Esses sistemas só funcionam de forma segura quando os limites operacionais estão claramente definidos e podem ser ajustados à medida que a estrutura organizacional muda.

Existe ainda outra dimensão que tende a ser ignorada nas primeiras fases dos projetos: os ativos de inteligência proprietária. Modelos treinados internamente, regras de negócio específicas e conjuntos de dados exclusivos podem constituir uma vantagem competitiva importante.

Quando ocorre uma cisão, venda de unidade de negócio ou reorganização do grupo empresarial, surge inevitavelmente a questão sobre quem fica com esses ativos. Sem documentação clara sobre as fontes de dados utilizadas, os modelos treinados e as regras implementadas, as negociações podem tornar-se complexas e demoradas.

Organizações que registam essas relações desde o início evitam transformar um processo de transformação empresarial numa investigação técnica prolongada.

Antes de avançar com investimentos relevantes em inteligência artificial com agentes, existe uma pergunta simples que pode revelar muito sobre a robustez da arquitetura: este sistema conseguiria operar sob uma identidade corporativa diferente?
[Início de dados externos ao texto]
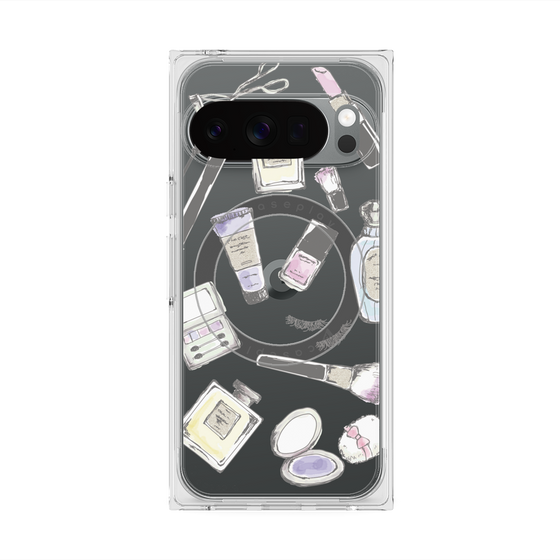 Premium Square Case with Pixelsnap［ COSME HOLiC ］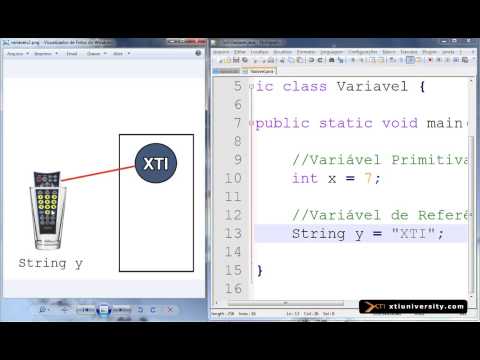 Universidade XTI - JAVA - 008 - Introdução ao Garbage Collector
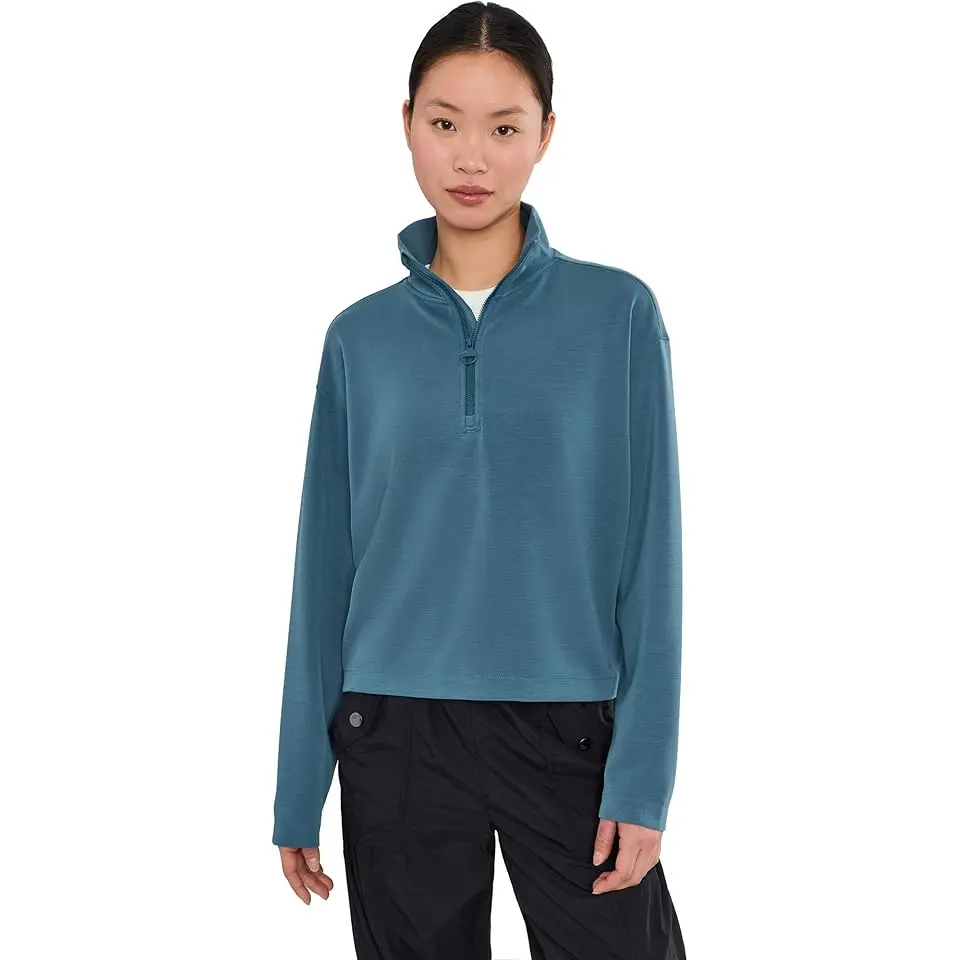 Shea Half Zip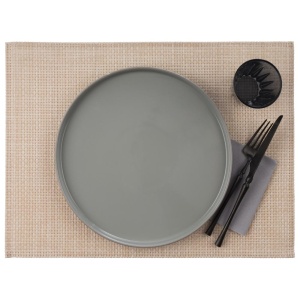 Suport farfurii PVC Beige APS 45 x 33 cm - Img 3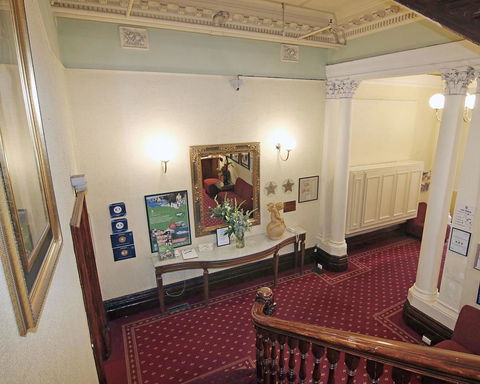 Hotel Claremont Guest House - Perth Resorts 20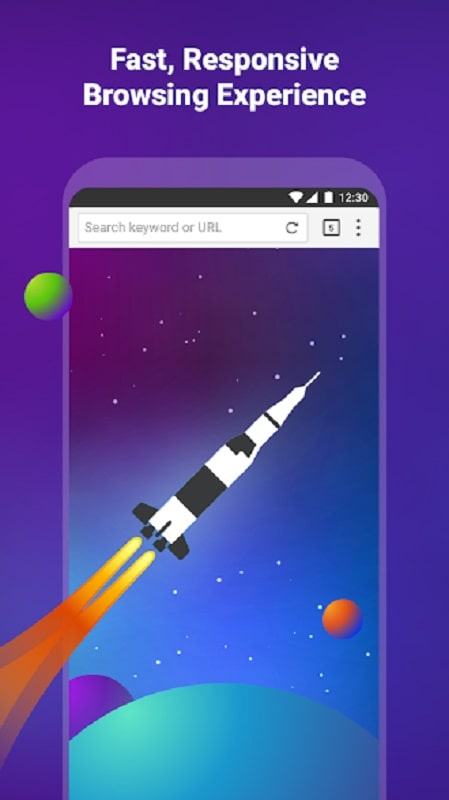 Puffin Pro Mod APK Browser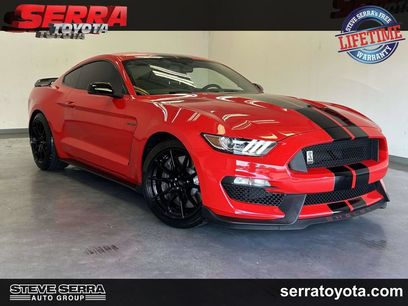 Used 2019 Ford Mustang Shelby GT350 w/ Technology Package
Se uma unidade de negócio tivesse de ser separada amanhã, o agente continuaria a funcionar sem depender da infraestrutura de identidade, segurança ou contratos da empresa original? A resposta a esta pergunta revela o nível de “dívida de transformação” que o projeto pode estar a criar.

Outra questão prende-se com a propriedade intelectual. A organização consegue identificar claramente a quem pertencem os dados de treino, as regras de negócio e os modelos resultantes? Se não conseguir, futuras operações empresariais podem ficar bloqueadas por disputas sobre ativos digitais.

Nos últimos anos, grande parte da atenção na inteligência artificial concentrou-se nos grandes modelos de linguagem que funcionam como o “cérebro” destes sistemas. No entanto, à medida que estas tecnologias entram nas operações das empresas, a atenção começa a deslocar-se para a estrutura que lhes dá suporte.

A próxima fase da inteligência artificial empresarial poderá depender menos da capacidade dos modelos e mais da arquitetura que permite adaptá-los a organizações em constante transformação.

A transformação empresarial não é uma exceção, mas sim uma realidade recorrente. Projetar infraestruturas de IA capazes de sobreviver a essas mudanças pode tornar-se decisivo para proteger investimentos tecnológicos que, de outra forma, correm o risco de se tornar rapidamente obsoletos.